Work to be completed
Look below for the line that contains "Imagem de WOSBO", then copy it and each following line exactly, through and including the line that contains "Cine: Folleto Programa".

Data listing
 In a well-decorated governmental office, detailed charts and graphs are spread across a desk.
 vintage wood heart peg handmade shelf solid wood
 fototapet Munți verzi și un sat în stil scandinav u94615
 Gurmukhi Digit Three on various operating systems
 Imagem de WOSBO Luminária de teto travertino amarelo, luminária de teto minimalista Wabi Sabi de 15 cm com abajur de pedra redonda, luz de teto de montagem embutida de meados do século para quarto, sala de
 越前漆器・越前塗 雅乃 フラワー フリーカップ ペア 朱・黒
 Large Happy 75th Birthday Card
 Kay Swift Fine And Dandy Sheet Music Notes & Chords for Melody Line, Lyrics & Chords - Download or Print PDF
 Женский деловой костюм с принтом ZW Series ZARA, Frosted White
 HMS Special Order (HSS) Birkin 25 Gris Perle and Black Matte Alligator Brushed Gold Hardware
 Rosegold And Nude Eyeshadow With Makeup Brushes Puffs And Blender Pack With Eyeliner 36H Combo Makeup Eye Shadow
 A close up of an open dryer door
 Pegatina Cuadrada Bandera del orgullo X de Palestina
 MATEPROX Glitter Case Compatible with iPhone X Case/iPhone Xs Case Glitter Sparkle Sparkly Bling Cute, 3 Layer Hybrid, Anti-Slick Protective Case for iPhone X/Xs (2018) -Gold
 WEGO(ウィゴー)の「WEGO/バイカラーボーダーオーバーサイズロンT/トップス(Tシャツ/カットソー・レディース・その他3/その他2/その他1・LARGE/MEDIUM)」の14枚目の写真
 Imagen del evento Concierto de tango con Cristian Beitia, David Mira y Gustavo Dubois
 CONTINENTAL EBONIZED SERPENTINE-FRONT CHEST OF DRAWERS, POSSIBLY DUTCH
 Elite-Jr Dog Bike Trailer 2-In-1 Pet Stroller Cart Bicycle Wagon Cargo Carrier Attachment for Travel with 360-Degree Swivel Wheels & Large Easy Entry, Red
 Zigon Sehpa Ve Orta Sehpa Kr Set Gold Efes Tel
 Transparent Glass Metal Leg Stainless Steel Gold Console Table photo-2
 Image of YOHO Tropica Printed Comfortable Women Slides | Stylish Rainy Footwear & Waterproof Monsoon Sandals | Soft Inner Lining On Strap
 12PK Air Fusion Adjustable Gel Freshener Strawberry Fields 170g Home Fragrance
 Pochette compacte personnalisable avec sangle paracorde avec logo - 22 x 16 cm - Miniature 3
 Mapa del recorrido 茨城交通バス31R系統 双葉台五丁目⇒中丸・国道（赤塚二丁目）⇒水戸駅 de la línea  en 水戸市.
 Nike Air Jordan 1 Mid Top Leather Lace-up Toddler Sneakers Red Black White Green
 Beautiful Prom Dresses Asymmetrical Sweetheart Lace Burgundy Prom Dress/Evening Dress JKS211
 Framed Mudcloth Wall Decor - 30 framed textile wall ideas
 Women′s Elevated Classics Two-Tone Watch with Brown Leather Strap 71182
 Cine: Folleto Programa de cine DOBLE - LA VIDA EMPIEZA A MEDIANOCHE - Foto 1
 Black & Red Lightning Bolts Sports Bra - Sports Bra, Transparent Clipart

Exercise response
 Imagem de WOSBO Luminária de teto travertino amarelo, luminária de teto minimalista Wabi Sabi de 15 cm com abajur de pedra redonda, luz de teto de montagem embutida de meados do século para quarto, sala de
 越前漆器・越前塗 雅乃 フラワー フリーカップ ペア 朱・黒
 Large Happy 75th Birthday Card
 Kay Swift Fine And Dandy Sheet Music Notes & Chords for Melody Line, Lyrics & Chords - Download or Print PDF
 Женский деловой костюм с принтом ZW Series ZARA, Frosted White
 HMS Special Order (HSS) Birkin 25 Gris Perle and Black Matte Alligator Brushed Gold Hardware
 Rosegold And Nude Eyeshadow With Makeup Brushes Puffs And Blender Pack With Eyeliner 36H Combo Makeup Eye Shadow
 A close up of an open dryer door
 Pegatina Cuadrada Bandera del orgullo X de Palestina
 MATEPROX Glitter Case Compatible with iPhone X Case/iPhone Xs Case Glitter Sparkle Sparkly Bling Cute, 3 Layer Hybrid, Anti-Slick Protective Case for iPhone X/Xs (2018) -Gold
 WEGO(ウィゴー)の「WEGO/バイカラーボーダーオーバーサイズロンT/トップス(Tシャツ/カットソー・レディース・その他3/その他2/その他1・LARGE/MEDIUM)」の14枚目の写真
 Imagen del evento Concierto de tango con Cristian Beitia, David Mira y Gustavo Dubois
 CONTINENTAL EBONIZED SERPENTINE-FRONT CHEST OF DRAWERS, POSSIBLY DUTCH
 Elite-Jr Dog Bike Trailer 2-In-1 Pet Stroller Cart Bicycle Wagon Cargo Carrier Attachment for Travel with 360-Degree Swivel Wheels & Large Easy Entry, Red
 Zigon Sehpa Ve Orta Sehpa Kr Set Gold Efes Tel
 Transparent Glass Metal Leg Stainless Steel Gold Console Table photo-2
 Image of YOHO Tropica Printed Comfortable Women Slides | Stylish Rainy Footwear & Waterproof Monsoon Sandals | Soft Inner Lining On Strap
 12PK Air Fusion Adjustable Gel Freshener Strawberry Fields 170g Home Fragrance
 Pochette compacte personnalisable avec sangle paracorde avec logo - 22 x 16 cm - Miniature 3
 Mapa del recorrido 茨城交通バス31R系統 双葉台五丁目⇒中丸・国道（赤塚二丁目）⇒水戸駅 de la línea  en 水戸市.
 Nike Air Jordan 1 Mid Top Leather Lace-up Toddler Sneakers Red Black White Green
 Beautiful Prom Dresses Asymmetrical Sweetheart Lace Burgundy Prom Dress/Evening Dress JKS211
 Framed Mudcloth Wall Decor - 30 framed textile wall ideas
 Women′s Elevated Classics Two-Tone Watch with Brown Leather Strap 71182
 Cine: Folleto Programa de cine DOBLE - LA VIDA EMPIEZA A MEDIANOCHE - Foto 1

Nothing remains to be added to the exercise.